The Oahu Sugar Company came to life in 1897, specifically to farm this area of the Island. Its property covered 10,000 acres, comprising today’s Waipahu, Waipio and Waikele, that would produce huge harvests and profits for almost 100 years. If you lived in this part of Oahu, with few exceptions, it could be assumed that you worked for the company.
The corporation built their own neighborhoods of homes, one given to each employee at no charge. They even provided the stores that their workers bought groceries and essentials from every day. This system was the start of much of the Waipahu we know now. Waikele, though. would remain strictly farm, covered in cane for almost the entire 20th Century.
Plantation Becomes Community
While Honolulu and much of Oahu modernized, with high-rises, freeways and shopping centers springing up in these years, Waikele’s lands remained in the same agricultural state. In 1995, though, economics finally put an end to the plantations, the cost of raising sugar in Hawaii becoming too high. This farmland wouldn’t be idle long.
Diminishing returns of recent years had prompted plans for this eventuality. So blueprints were already in place before the final harvest to change this area into something that was now in even greater demand than sugar. Real estate.
The sugar company’s backer, Amfac, immediately turned to the creation of a neighborhood on these heights above Waipahu that provided views of Pearl Harbor. Beginning the building with homes along Lumiau St, the whole project would take about a decade to complete.
These were not going to be the high-rise condos or paved over spaces that had become the norm to the east. This would be something different.
Once finished, the new Waikele would consist of 2937 homes contained within 12 townhome communities and 9 single family home subdivisions. With green spaces everywhere you look, the banyan trees lining the highway here and its utilities buried safely out of sight, it is a lush, open counterpoint to its makai neighbors.
All of this is centered around the Waikele Country Club, with greens and fairways that golfers love and many residents enjoy even more for the backdrop they give to their homes around the course.
The developers would add one more surprising, but ultimately very popular, element with the Outlet Mall that attracts busloads of tourists along with crowds of locals looking for a good bargain.
The Homes Of Waikele
Most Waikele homes are townhomes, their low-rise, Plantation-style designs intended to fit the open, local-rooted environment of the neighborhood. One standout is the Fairway Village at Waikele, which sits right on the golf course, providing both green views and quiet all around it. The units have larger spaces, too, making them even more attractive.
The Village On The Green is another, located beside the 2nd Green and its companion fairway as well as open parkland above its homes to increase the views and the openness of your environment. The homes here are distinguished by providing layouts to fit every need, from single story to split-level and full two story floor plans as well.
Though best known for these multi-unit residences, Waikele was seeded with excellent single family homes that are consistently in-demand.
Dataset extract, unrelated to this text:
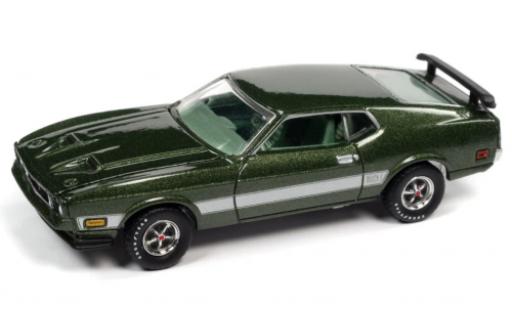 Coche miniatura Ford Mustang 1/64 Auto World Mach 1 metallise verde 1973 Ford Mustang 1/64 Auto World Mach 1 metallise verde 1973 coche miniatura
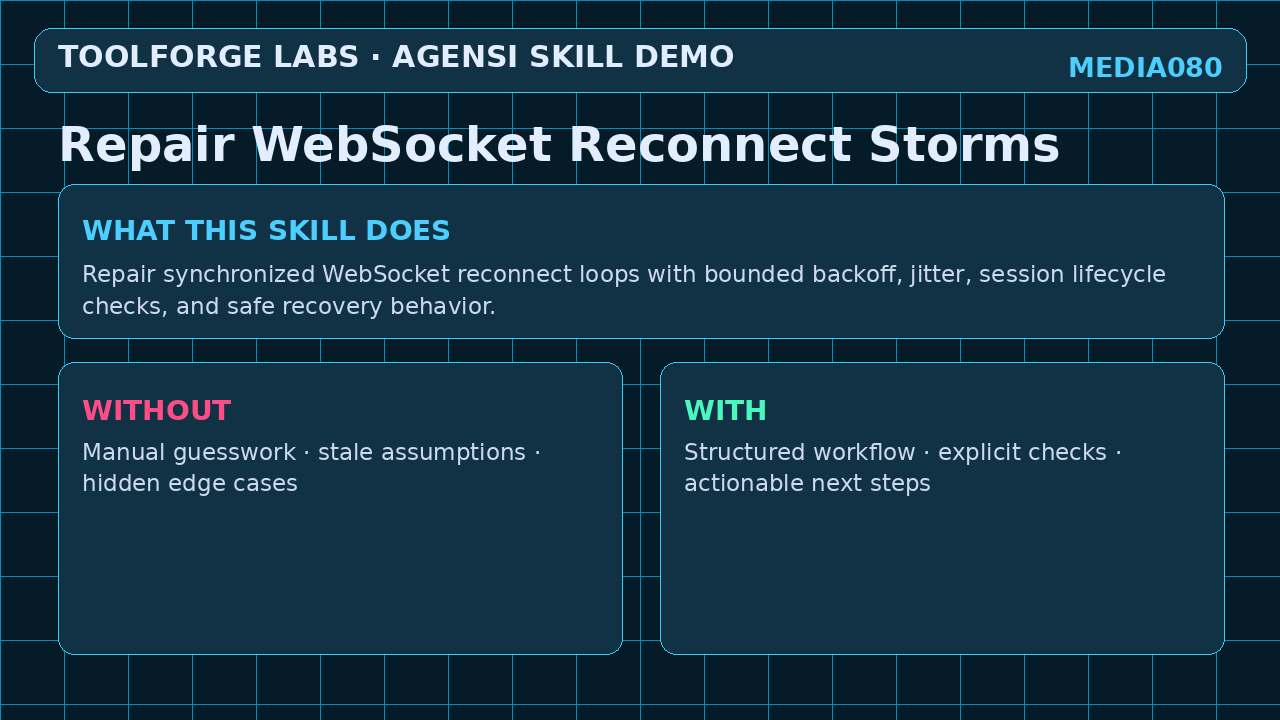Repair WebSocket Reconnect Storms screenshot 1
The Tropics is one of the best examples, a collection of two story homes that come in a staggering 20 different layouts with 2 to 4 bedrooms.
Residents live in a community encircled by Patsy Mink Park, open fairways of the golf course and the fields used by Waikele Elementary School for recreation. Beautiful to see in the day and peaceful every night.
The perks of this Master-Planned neighborhood are no accident. They are the result of a smart and well-executed vision that took advantage of the golden opportunity of these lands once covered in sugar cane.
Waikele lands provided over the centuries a key element to our Island’s society. First, with taro, a vitally important part of Hawaiian life. Then sugar, the engine of the economy for decades. It is only appropriate that they now hold something equally important to today’s Oahu, homes that remember our local values, a place centered around the eternal natural beauty of our Island.